The voice is that of actress Emma Thompson who plays a novelist who is struggling against the writer’s block that is preventing her from finishing her most recent book. It is about an IRS auditor named Harold Crick who is about to die, though she hasn’t yet decided how he will die.
The movie’s plot deals with Crick trying to find this voice who is writing his life story before she finishes him off. Will he find her in time? Would the author still kill off Crick if she knew he wasn’t just a fictional character but a real person whose life was controlled by her writing? Even if she does still want to kill off her main character would there be anything Crick could do to stop it? Is she determining Harold’s future in her writing or is Harold determining his future and she is merely taking dictation as his life unfolds? It is all a very creative, existential movie plot.
There is also a love story mixed in.
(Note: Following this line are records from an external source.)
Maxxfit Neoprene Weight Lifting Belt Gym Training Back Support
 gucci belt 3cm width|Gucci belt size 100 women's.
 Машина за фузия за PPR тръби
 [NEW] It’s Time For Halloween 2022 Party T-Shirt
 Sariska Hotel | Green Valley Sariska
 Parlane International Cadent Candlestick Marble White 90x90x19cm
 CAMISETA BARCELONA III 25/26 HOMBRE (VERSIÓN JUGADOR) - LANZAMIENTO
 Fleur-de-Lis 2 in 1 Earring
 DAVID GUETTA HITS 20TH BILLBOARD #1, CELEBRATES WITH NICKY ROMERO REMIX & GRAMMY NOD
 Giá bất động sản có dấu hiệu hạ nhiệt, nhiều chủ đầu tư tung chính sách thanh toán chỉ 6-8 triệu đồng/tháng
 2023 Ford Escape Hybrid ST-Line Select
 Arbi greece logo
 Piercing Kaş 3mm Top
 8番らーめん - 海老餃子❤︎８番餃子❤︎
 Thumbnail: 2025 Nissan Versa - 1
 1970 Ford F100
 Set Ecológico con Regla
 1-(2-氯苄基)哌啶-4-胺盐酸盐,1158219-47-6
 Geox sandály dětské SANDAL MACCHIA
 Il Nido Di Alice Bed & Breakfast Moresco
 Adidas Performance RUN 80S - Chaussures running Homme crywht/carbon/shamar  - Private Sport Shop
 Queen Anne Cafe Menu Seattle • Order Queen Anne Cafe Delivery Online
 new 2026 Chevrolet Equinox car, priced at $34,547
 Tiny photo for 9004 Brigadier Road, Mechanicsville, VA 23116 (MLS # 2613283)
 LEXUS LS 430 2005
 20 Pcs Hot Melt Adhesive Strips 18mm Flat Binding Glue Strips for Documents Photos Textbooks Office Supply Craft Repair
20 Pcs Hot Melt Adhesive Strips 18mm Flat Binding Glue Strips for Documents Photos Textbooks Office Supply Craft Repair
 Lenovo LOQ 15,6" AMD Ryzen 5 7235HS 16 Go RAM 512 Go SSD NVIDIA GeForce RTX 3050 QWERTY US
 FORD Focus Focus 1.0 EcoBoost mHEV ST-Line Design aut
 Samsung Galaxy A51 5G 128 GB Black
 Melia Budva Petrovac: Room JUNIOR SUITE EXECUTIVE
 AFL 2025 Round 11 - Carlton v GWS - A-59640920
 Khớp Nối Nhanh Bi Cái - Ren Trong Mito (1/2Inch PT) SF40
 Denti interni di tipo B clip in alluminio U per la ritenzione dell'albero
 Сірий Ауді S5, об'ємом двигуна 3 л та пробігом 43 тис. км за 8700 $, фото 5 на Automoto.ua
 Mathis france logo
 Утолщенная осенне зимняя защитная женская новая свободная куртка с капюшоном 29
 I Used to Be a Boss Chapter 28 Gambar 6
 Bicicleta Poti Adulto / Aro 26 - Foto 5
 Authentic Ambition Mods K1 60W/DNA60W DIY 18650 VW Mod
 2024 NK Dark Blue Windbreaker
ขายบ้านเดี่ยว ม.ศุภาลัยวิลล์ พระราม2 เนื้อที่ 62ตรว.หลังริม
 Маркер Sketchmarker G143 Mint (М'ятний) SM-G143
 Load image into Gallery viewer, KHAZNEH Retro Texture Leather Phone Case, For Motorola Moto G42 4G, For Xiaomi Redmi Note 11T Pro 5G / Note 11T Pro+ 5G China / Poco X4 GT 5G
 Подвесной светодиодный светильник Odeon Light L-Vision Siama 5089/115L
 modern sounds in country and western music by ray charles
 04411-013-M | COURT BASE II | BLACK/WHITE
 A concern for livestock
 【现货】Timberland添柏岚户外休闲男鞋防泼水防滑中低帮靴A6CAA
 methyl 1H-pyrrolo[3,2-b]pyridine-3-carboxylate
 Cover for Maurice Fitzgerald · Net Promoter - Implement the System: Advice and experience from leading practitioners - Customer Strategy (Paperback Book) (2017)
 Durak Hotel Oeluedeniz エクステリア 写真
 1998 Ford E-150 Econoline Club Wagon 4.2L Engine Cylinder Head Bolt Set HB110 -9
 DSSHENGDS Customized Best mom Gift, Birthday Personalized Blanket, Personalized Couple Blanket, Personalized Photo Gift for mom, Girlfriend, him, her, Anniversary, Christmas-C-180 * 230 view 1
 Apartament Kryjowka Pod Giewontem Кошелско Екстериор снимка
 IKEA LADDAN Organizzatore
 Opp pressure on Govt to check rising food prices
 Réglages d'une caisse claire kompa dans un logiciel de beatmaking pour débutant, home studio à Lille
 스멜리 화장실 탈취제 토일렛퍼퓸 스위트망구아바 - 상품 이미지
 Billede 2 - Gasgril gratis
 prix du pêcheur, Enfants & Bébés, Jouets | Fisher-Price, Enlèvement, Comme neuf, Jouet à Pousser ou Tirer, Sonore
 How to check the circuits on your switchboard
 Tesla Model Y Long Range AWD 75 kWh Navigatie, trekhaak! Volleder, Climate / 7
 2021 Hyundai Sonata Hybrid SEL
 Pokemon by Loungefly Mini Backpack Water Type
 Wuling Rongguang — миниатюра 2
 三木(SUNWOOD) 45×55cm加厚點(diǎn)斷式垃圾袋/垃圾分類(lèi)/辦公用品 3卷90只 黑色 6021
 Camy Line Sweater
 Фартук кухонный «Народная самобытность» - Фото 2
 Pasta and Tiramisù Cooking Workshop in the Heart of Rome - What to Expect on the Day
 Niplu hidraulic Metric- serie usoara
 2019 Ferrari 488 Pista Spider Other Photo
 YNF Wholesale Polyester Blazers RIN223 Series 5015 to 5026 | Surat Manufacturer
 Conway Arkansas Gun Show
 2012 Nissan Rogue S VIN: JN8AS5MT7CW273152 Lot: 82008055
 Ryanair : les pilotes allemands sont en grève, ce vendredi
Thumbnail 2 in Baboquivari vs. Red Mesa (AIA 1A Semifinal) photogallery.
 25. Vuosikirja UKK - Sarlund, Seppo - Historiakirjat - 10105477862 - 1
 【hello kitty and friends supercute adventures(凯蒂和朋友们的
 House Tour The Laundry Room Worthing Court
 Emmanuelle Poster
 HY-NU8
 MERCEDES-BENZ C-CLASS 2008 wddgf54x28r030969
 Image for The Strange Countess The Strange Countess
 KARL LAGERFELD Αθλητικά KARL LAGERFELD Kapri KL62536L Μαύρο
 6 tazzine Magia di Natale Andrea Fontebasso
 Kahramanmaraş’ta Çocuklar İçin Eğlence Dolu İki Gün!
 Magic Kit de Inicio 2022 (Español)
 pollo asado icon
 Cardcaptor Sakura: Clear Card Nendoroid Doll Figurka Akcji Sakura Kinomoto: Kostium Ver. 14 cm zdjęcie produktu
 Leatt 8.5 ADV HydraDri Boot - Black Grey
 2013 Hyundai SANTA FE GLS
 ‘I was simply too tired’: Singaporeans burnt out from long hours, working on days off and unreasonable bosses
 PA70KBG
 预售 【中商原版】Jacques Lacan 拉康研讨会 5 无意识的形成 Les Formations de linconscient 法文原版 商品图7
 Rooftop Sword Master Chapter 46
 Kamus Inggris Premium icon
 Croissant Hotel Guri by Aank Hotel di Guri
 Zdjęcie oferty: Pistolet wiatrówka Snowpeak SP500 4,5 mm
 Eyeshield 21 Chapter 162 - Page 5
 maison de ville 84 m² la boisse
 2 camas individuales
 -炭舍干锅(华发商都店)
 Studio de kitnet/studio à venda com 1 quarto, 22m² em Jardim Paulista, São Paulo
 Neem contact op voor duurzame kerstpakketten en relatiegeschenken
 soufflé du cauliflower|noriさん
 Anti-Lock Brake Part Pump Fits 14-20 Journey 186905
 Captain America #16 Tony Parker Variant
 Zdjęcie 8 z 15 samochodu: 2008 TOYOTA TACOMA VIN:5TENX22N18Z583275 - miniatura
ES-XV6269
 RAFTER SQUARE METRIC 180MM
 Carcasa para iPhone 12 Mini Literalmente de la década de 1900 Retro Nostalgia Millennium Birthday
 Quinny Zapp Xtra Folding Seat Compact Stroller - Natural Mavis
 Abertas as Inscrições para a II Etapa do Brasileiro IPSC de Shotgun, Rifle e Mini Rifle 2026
The IRS auditor who has seemed to not be very experienced in romantic matters has finally found the love of his life. This seems very bad timing on account of his imminent death. His love interest is Ana, a free-spirited baker who is played by Maggie Gyllenhaal. She alternates between being very nice and very mean to Harold. Will Harold be able to win her over? Is it worth it to even try since he is probably about to die?
I won’t ruin the movie by answering all these questions. But the answers to these questions work together to form the main message of the film: You aren’t guaranteed another day on earth so you should live life to the fullest. But for a believer, there is an even deeper meaning. We truly believe there is an Author who has written all of our days in His book of life. We must live in such as way that we will not be ashamed in giving an accounting to Him of our lives.
The idea behind this film is very clever. The director (Marc Forster, director of Finding Neverland and Monster’s Ball) does an adequate job as do all the actors. The only actor who really rises above that description is Dustin Hoffman. He does a great job playing a literature professor who attempts to help Harold figure out the type of book in which he is trapped. But everything else seems just slightly above average.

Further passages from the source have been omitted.